2014年にパリ発の舞台ミュージカルとしてリニューアル、翌年にはブロードウェーで上演され、このバージョンは来年、劇団四季が上演することを発表している。今回の舞台は、それとは関係なく、映画をもとにOSKが独自に舞台化したオリジナルバージョン。OSKがミュージカル映画を翻案上演するのは長い歴史の中でも今回が初めてだが、これが素晴らしい出来栄えで、OSKのレベルの高さを改めて証明した形となった。
舞台はほぼオリジナルの映画通りの展開。第二次世界大戦でヨーロッパ戦線に参戦したアメリカ人青年ジェリー(桐生麻耶)は、終戦後そのままパリに残り、画家として生計をたてようとしていた。ジェリーは親友のピアニスト、アダム(華月奏)やボードビリアンのアンリ(真麻里都)らとパリでの生活を謳歌していたが、彼の絵を気にいった金持ちの未亡人ミロ(朝香櫻子)に誘われて行ったジャズクラブでリズ(城月れい)に一目ぼれしてしまう。リズは実は親友アンリのフィアンセだった。パリに住むアメリカ人青年とフランス娘のラブストーリーをジョージ・ガーシュインの名曲をちりばめて展開するクラシックなミュージカルだ。
「アイ・ガット・リズム」「ス・ワンダフル」「エンブレーサブル・ユー」などなど次から次へと耳馴染みの名曲が流れるだけでも楽しいが、それを歌う桐生や真麻らの歌声が耳に心地よく、城月のエレガントなダンスに見惚れてしまう。たった13人の出演者でこれだけの充実感のある舞台はなかなかない。上島雪夫氏のOSK作品は「ロミオとジュリエット」も力作だったが、肩の力を抜きながらも細部まできっちりと作り上げ、本来のミュージカルの楽しさを満喫させてくれた。

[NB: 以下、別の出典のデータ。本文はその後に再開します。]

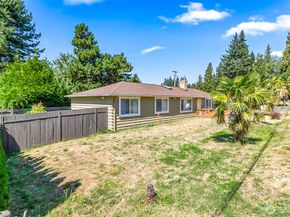 18804 43rd Avenue W, Lynnwood WA 98036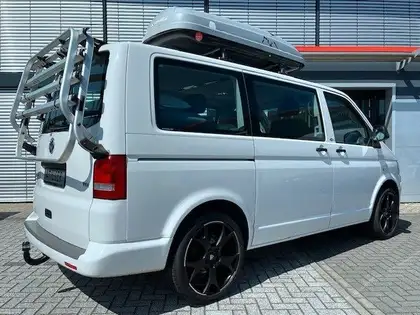 Annonce voiture d'occasion Volkswagen T5 Multivan - CARADIZE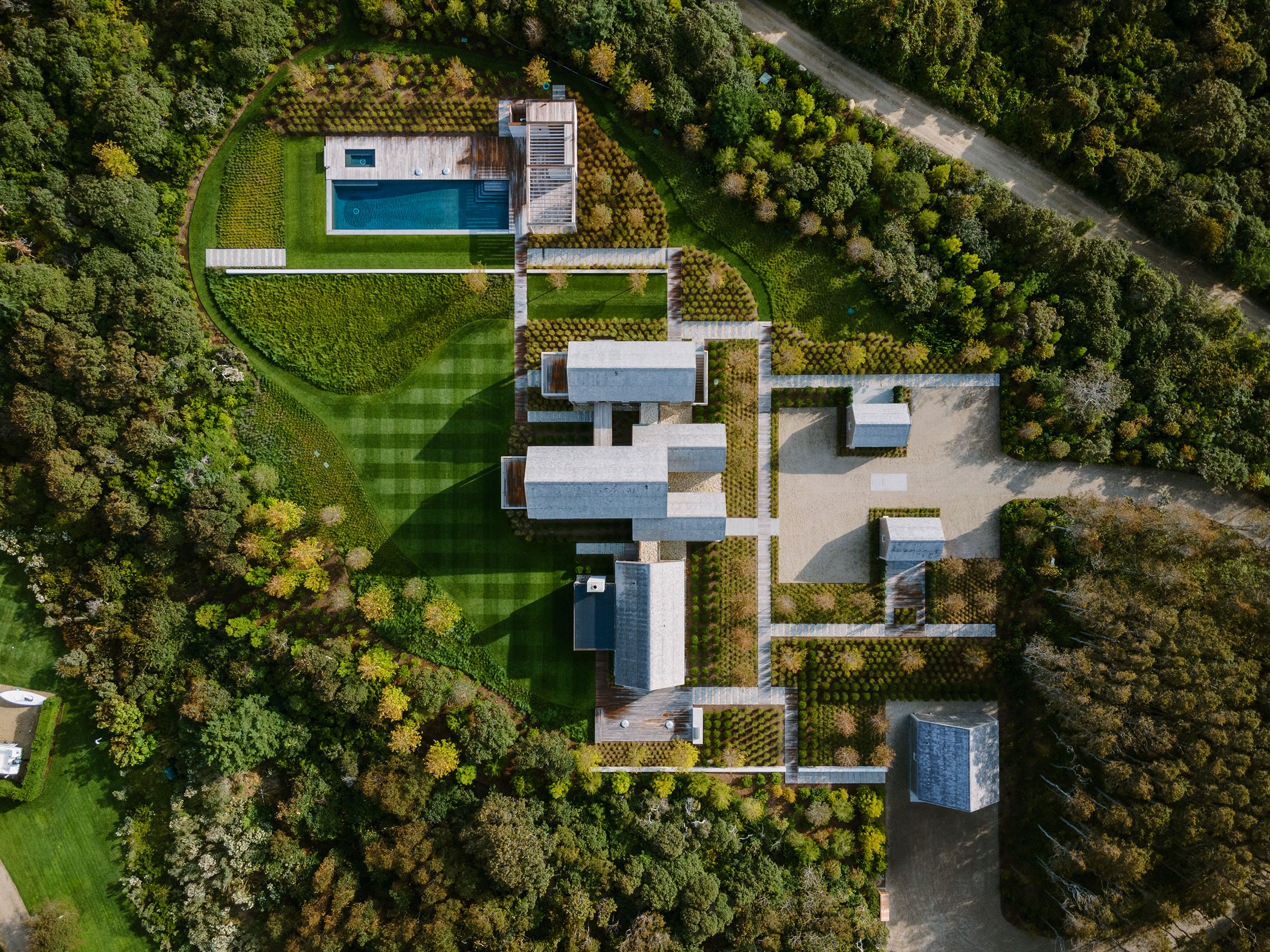 21011 230922 006 Low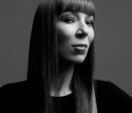 Interview : Victoire de Castellane transpose le cannage en dentelle d'or pour "My Dior" | La Biennale - Paris | Scoop.it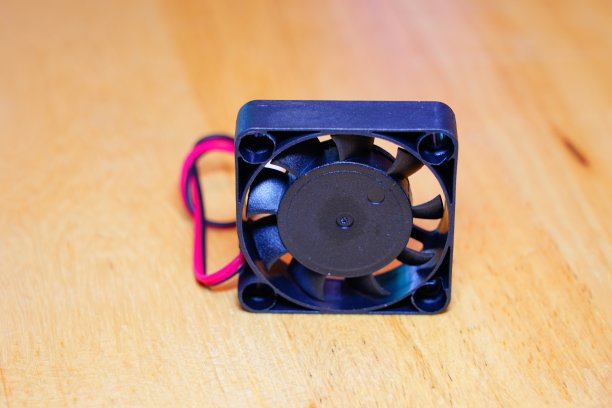 小型风扇冷却器的电脑图片下载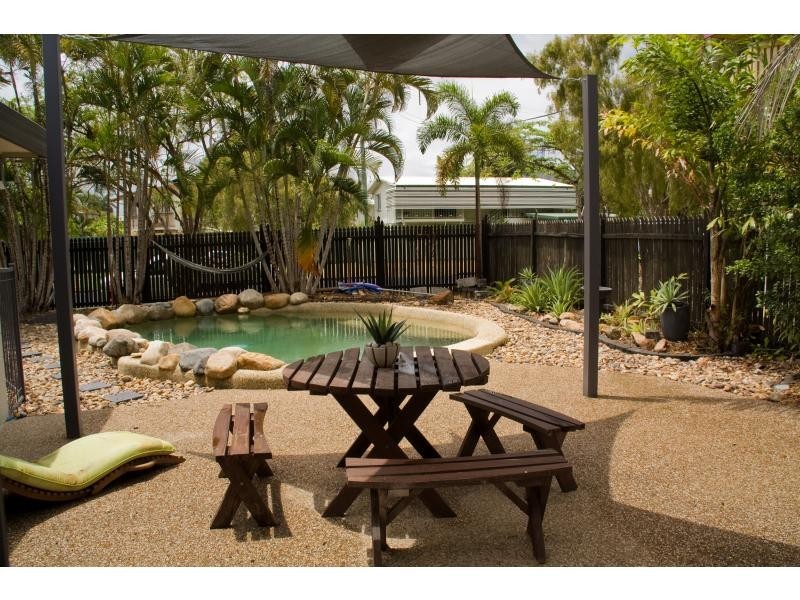 11 Wooral Street, Cranbrook QLD 4814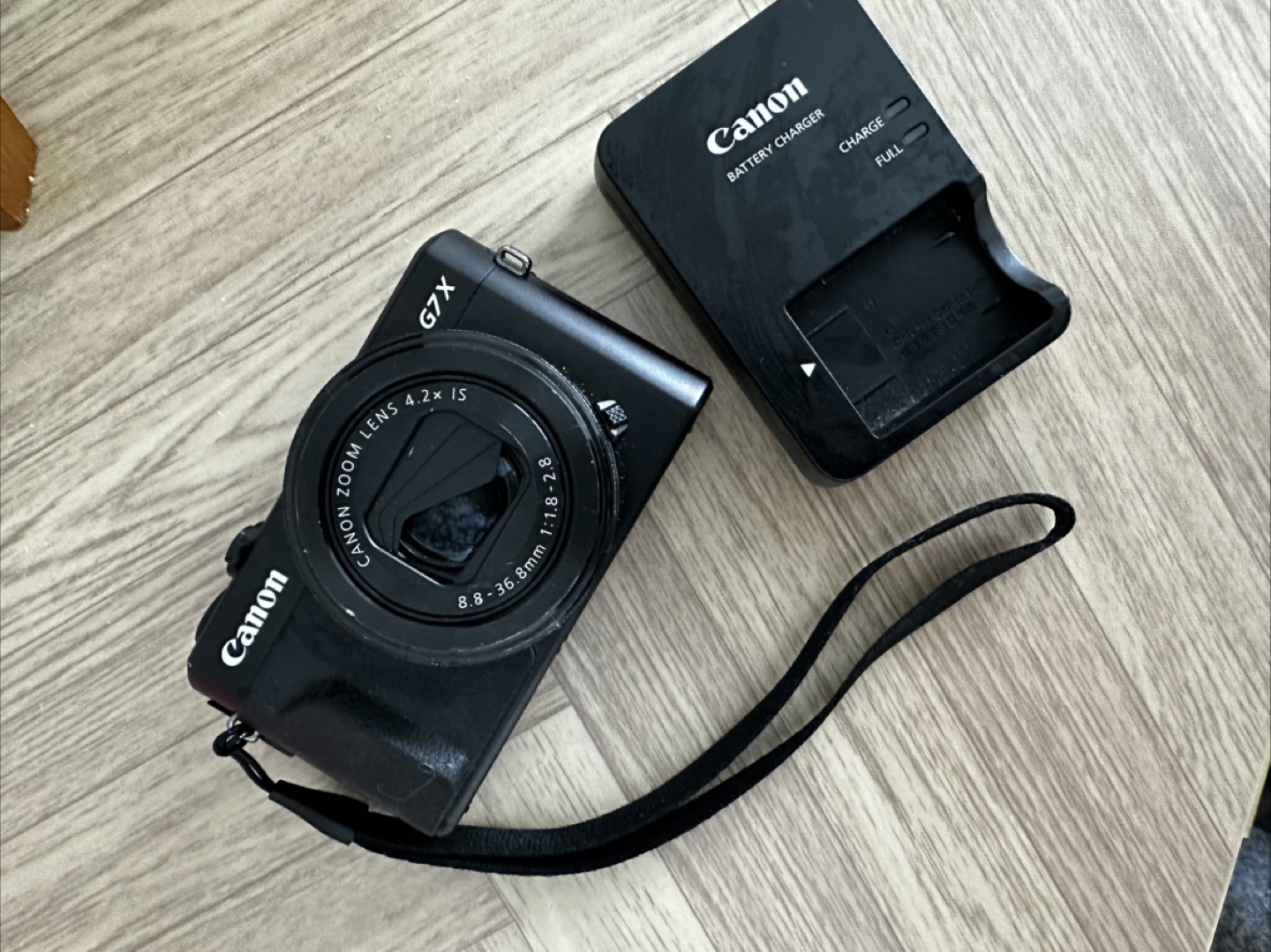 Canon PowerShot G7X Mark II Camera with Charger
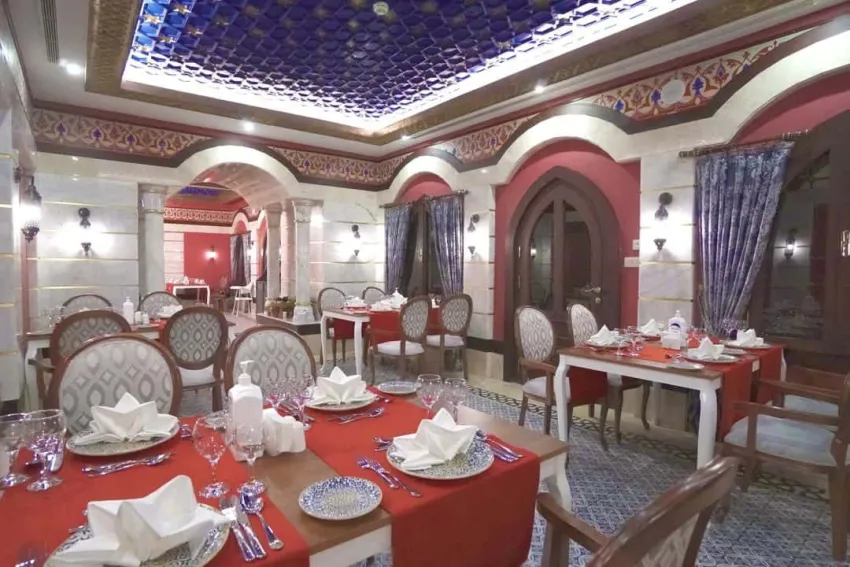 DREAM WORLD PALACE HOTEL  5*-6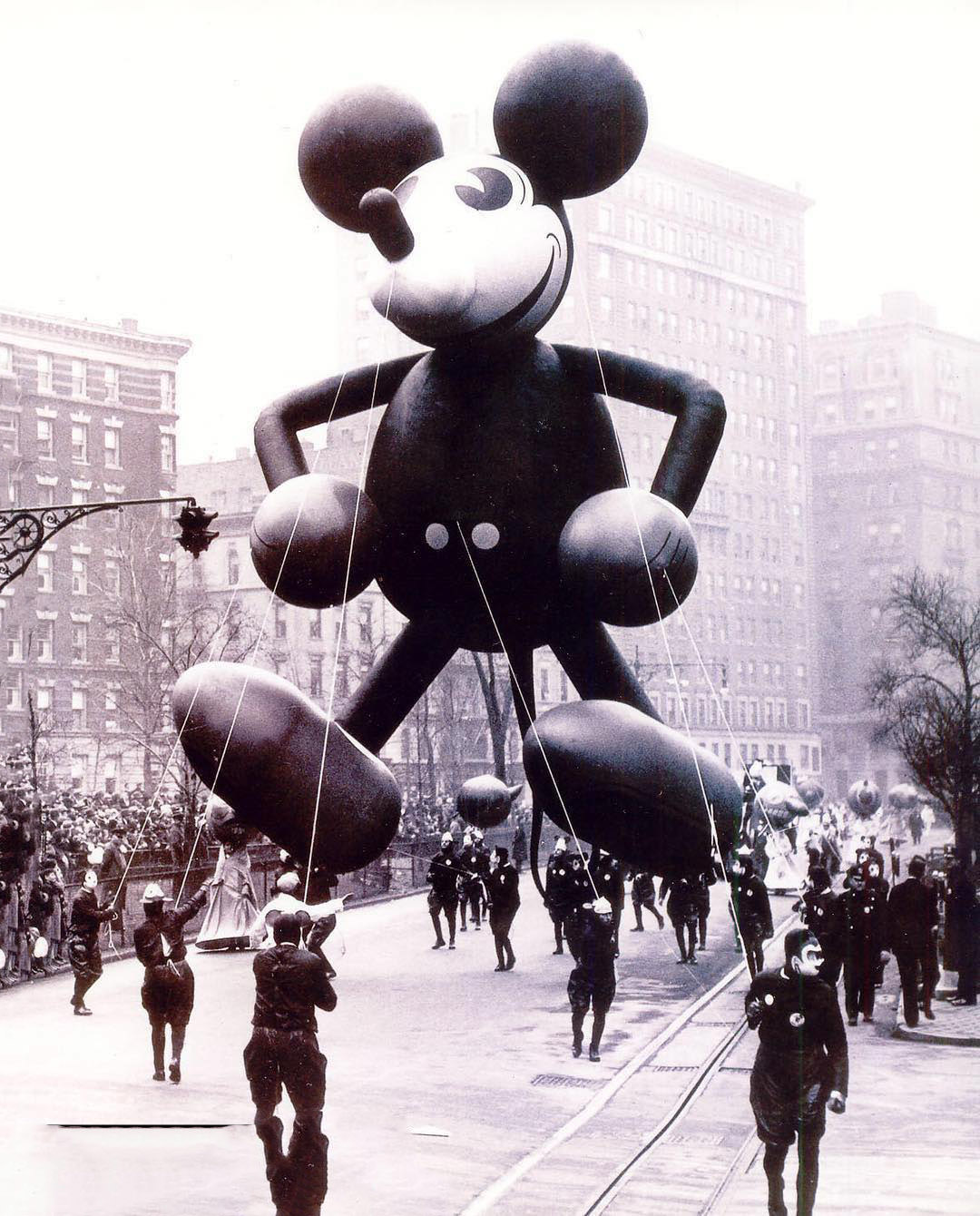 Fun Fact: First-Ever Mickey Mouse Balloon Designed With Walt Disney'S Help, 1934.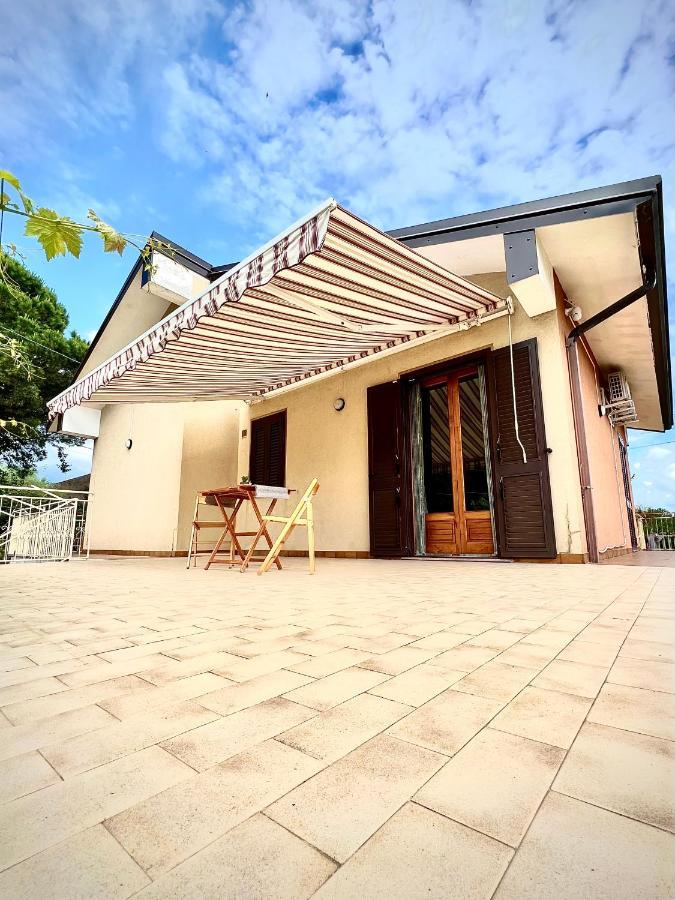 Casa Vacanze "Sautufao" Santa Venerina Exterior photo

松竹座や新橋演舞場など松竹の公演は和洋のレビュー作品しか上演がなく、ミュージカル作品は小劇場での公演だけなので、芝居の実力を発揮する機会がなかったが、どこから見ても男性にしか見えない桐生の男役演技は、いまや洗練の極致にまで達し、宝塚の轟悠と双璧といっていいだろう。相手役の城月は卓越したダンサーで、OSKの愛希れいかといえば分かりやすい。その優雅な身のこなしは絶品だ。アンリ役の真麻のなめらかな歌声の心地よさも思わず聞き惚れるほど。そして、全員芝居も出来るのでどこにでもあるような三角関係のストーリーがなんとも切なく感じられた。クライマックスの10分間にわたる有名な大ダンスナンバーも少ない人数で華やかに展開、後味爽やかなミュージカルに仕上がった。来年の劇団四季版の公演前にミュージカルファンにはぜひ見ておいてほしい舞台だ。